Down to the last line, reproduce the data that follows, but skip the pictures.

DATASET CONTENT:
######

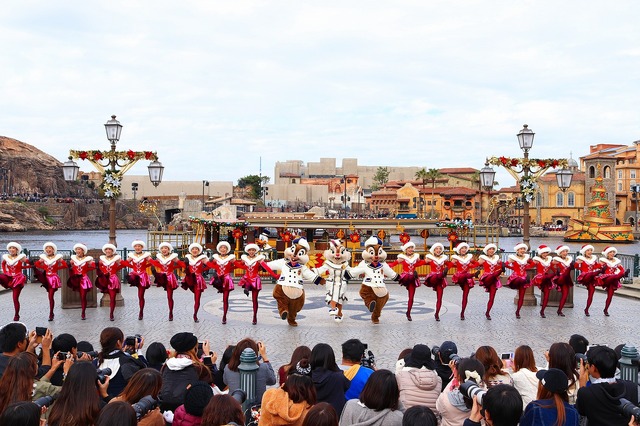 超人気ハーバーショー「イッツ・クリスマスタイム！」☆(C) Disney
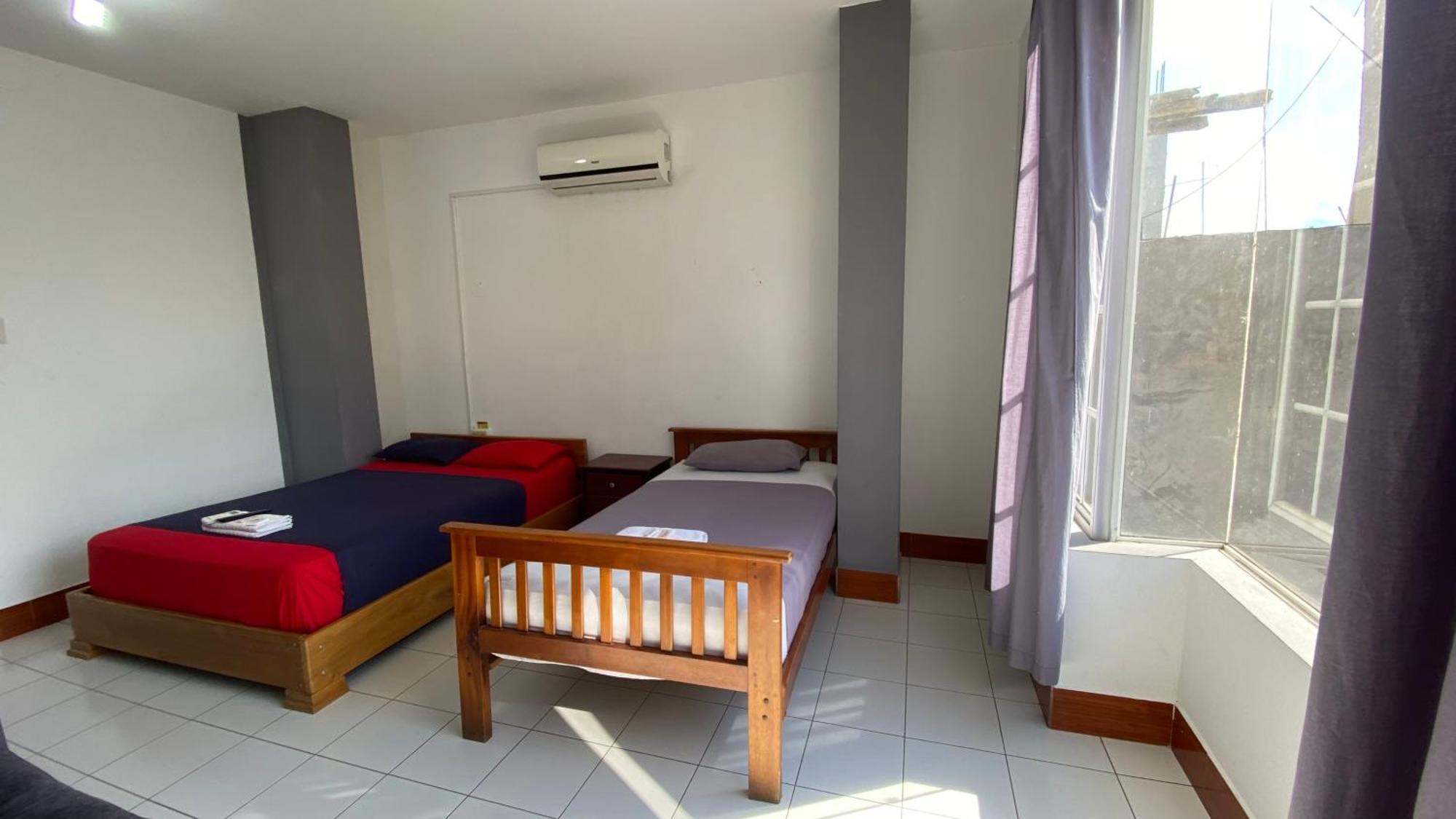 Hostal Casa Blanca Puerto Francisco de Orellana Bagian luar foto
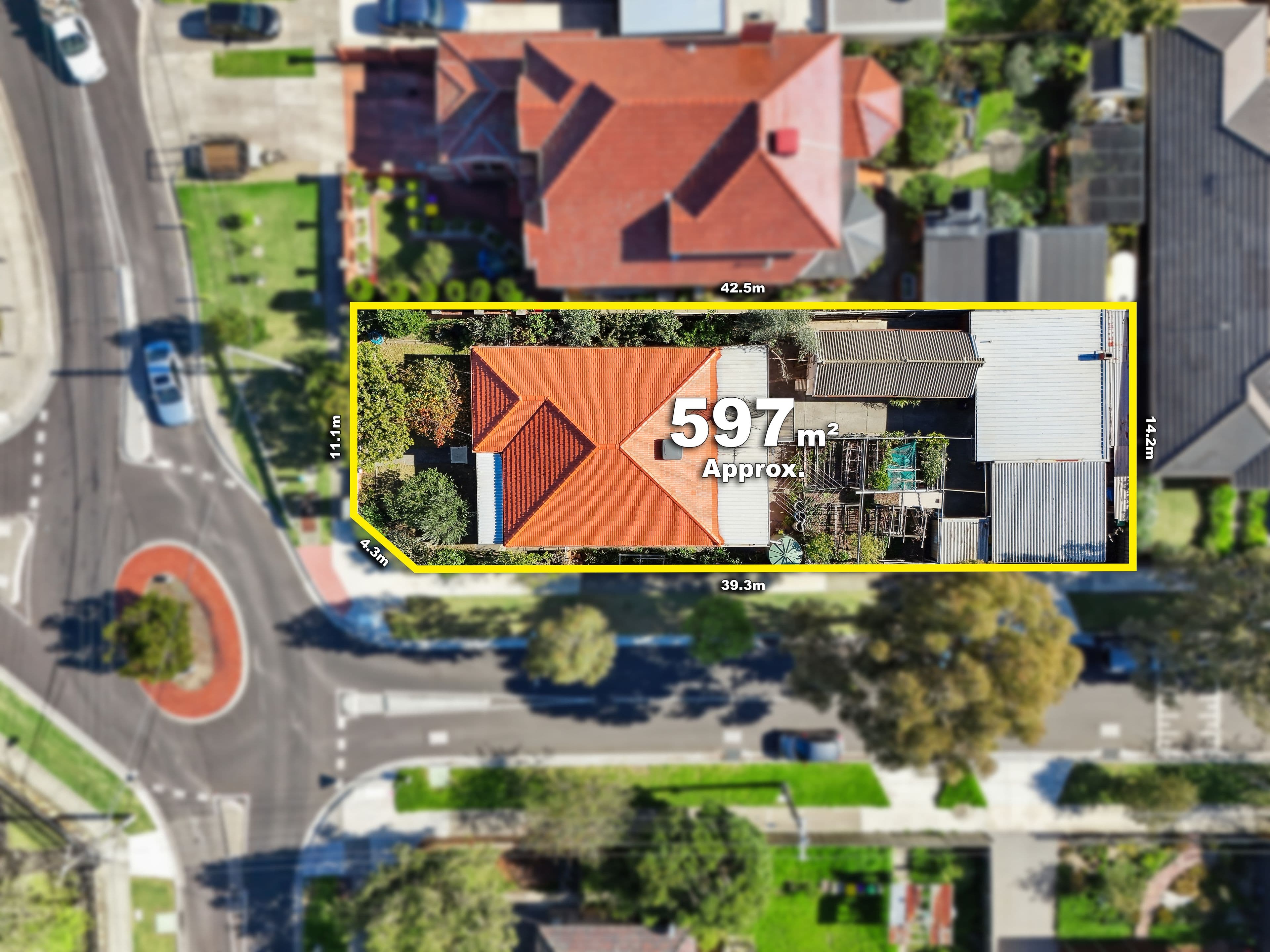 16 Carr Street, Coburg North VIC 3058, Coburg North - Image 1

######

EXERCISE RESPONSE:
 超人気ハーバーショー「イッツ・クリスマスタイム！」☆(C) Disney
 Hostal Casa Blanca Puerto Francisco de Orellana Bagian luar foto
 16 Carr Street, Coburg North VIC 3058, Coburg North - Image 1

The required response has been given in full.